Terkait dengan laporan akhir yang disusunnya, salah seorang di antara rekannya membisikkan sesuatu di telinganya seraya berkata: ”Jangan tergesa-gesa karena sesungguhnya kaum Muslimin telah berbicara tentang tenggelamnya mumi ini”. Bucaille awalnya mengingkari kabar ini dengan keras sekaligus menganggapnya mustahil. Menurutnya, pengungkapan rahasia seperti ini tidak mungkin diketahui kecuali dengan perkembangan ilmu modern, melalui peralatan canggih yang mutakhir dan akurat.

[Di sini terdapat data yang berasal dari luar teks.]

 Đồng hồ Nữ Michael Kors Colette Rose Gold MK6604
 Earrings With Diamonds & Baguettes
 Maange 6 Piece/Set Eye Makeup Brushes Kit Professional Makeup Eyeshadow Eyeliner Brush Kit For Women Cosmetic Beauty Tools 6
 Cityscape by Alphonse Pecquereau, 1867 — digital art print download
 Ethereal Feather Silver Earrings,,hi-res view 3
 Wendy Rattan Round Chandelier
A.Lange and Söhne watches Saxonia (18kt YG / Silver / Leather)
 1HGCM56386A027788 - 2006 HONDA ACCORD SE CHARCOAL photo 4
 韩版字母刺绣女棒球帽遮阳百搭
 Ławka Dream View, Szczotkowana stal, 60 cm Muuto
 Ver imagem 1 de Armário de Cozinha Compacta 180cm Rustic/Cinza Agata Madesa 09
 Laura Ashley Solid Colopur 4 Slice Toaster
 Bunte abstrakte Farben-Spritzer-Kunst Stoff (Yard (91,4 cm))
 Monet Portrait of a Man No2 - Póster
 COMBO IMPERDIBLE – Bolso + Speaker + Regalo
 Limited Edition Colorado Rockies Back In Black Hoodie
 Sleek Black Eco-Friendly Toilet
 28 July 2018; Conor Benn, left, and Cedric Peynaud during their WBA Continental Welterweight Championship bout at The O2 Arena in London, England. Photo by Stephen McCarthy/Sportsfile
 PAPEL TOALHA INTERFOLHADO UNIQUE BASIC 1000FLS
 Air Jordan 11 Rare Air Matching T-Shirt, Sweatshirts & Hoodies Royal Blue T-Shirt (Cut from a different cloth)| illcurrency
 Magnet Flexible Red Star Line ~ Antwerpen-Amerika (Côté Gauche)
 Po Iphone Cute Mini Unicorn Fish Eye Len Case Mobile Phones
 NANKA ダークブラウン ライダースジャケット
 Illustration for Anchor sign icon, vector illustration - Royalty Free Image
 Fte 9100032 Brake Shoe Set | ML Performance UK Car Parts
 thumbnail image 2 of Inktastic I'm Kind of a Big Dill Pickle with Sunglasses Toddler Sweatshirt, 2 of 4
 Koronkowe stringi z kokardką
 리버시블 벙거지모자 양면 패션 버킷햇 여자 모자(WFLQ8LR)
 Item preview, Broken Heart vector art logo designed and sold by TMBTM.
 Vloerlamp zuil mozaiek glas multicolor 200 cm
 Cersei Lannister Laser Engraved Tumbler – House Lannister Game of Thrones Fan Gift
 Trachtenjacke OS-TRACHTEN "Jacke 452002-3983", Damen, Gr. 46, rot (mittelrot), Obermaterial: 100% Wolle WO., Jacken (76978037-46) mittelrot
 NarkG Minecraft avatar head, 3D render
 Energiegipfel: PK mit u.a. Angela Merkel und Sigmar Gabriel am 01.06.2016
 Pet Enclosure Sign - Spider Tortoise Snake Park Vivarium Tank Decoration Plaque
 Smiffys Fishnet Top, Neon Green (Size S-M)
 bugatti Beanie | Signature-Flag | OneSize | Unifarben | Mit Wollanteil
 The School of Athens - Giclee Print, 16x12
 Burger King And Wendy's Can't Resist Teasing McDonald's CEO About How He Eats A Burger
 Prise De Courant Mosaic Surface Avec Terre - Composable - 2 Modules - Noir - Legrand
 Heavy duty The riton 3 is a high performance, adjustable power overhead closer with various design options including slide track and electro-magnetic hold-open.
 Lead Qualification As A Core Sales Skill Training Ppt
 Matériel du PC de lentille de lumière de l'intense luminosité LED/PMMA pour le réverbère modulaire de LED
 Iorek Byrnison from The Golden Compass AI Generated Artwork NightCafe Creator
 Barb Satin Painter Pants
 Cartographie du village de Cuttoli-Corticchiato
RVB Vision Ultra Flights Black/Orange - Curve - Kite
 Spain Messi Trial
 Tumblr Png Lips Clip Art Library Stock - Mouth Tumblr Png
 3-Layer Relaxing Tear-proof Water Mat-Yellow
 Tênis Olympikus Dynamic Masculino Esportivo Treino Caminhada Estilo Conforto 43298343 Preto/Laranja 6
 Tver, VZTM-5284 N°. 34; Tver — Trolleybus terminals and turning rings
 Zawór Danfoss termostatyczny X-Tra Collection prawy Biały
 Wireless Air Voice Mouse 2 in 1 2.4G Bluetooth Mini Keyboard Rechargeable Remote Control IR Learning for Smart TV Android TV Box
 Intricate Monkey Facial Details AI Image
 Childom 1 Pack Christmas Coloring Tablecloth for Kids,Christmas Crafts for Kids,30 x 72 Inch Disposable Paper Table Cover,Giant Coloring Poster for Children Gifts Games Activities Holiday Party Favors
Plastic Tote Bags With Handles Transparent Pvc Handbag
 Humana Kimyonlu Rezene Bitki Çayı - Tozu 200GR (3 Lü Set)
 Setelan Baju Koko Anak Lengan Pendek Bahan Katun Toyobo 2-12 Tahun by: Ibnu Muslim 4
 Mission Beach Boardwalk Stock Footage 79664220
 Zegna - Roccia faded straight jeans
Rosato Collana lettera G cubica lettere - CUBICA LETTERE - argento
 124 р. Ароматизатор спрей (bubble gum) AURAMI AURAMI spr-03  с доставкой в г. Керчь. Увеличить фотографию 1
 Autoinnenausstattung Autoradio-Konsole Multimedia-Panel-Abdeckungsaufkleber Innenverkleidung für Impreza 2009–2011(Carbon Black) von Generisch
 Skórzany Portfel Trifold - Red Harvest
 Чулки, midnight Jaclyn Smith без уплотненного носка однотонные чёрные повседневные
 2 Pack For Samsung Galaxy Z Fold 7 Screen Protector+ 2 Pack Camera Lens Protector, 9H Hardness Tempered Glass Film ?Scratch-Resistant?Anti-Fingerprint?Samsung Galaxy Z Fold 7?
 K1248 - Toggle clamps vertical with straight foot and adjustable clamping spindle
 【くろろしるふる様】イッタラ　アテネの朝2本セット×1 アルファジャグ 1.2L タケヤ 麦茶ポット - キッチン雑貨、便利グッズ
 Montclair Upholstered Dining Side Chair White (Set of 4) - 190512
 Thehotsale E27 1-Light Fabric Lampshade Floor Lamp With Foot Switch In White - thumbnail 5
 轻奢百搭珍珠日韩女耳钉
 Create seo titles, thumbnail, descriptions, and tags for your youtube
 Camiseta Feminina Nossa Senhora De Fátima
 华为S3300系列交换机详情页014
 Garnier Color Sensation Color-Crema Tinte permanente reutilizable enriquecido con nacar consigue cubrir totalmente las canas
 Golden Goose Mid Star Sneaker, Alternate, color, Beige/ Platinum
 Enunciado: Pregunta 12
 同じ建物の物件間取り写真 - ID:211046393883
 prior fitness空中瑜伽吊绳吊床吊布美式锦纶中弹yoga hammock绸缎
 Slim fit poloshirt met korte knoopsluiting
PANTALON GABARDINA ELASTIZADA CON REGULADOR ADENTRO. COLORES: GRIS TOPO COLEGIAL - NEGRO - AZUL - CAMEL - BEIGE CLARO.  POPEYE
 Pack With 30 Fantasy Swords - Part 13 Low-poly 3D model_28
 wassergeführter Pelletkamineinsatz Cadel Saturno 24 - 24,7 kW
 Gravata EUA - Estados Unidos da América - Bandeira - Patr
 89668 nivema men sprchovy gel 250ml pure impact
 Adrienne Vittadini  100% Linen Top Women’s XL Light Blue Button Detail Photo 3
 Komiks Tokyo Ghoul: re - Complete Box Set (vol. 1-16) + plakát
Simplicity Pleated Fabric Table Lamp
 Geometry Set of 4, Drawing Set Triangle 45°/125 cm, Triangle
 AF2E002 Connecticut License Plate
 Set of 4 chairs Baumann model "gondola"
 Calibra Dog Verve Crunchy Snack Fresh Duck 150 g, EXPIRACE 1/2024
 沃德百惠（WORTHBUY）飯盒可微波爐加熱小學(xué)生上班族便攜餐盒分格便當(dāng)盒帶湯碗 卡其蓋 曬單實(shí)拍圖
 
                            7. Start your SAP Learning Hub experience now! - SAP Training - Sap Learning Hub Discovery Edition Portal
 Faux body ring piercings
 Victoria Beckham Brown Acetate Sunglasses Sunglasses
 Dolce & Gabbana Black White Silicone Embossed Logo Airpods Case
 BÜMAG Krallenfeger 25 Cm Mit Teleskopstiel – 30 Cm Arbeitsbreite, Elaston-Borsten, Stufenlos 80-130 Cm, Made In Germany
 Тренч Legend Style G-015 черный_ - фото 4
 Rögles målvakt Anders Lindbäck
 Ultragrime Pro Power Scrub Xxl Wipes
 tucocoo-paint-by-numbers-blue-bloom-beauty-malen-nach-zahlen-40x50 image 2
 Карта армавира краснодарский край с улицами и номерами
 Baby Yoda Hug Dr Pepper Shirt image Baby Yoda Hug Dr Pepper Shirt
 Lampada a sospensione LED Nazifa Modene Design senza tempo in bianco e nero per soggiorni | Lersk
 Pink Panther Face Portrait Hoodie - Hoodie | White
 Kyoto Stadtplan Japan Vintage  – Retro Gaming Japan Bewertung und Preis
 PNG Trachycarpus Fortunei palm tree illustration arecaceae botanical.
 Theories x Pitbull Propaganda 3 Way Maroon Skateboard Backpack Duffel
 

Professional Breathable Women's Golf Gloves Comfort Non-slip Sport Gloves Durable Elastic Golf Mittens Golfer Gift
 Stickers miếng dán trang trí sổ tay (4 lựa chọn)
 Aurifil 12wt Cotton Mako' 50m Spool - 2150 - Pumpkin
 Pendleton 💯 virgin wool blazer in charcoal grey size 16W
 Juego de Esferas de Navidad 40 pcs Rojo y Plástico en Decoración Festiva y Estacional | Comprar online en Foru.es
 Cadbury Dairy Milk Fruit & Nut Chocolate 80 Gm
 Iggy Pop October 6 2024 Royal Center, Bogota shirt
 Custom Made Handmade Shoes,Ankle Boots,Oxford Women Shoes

Hingga salah seorang di antara mereka berkata bahwa Al Qur'an yang diyakini umat Islam telah meriwayatkan kisah tenggelamnya Firaun dan kemudian diselamatkan mayatnya. Ungkapan itu makin membingungkan Bucaille. Lalu, dia mulai berpikir dan bertanya-tanya. Bagaimana mungkin hal itu bisa terjadi? Bahkan, mumi tersebut baru ditemukan tahun 1898 M, sementara Alquran telah ada ribuan tahun sebelumnya.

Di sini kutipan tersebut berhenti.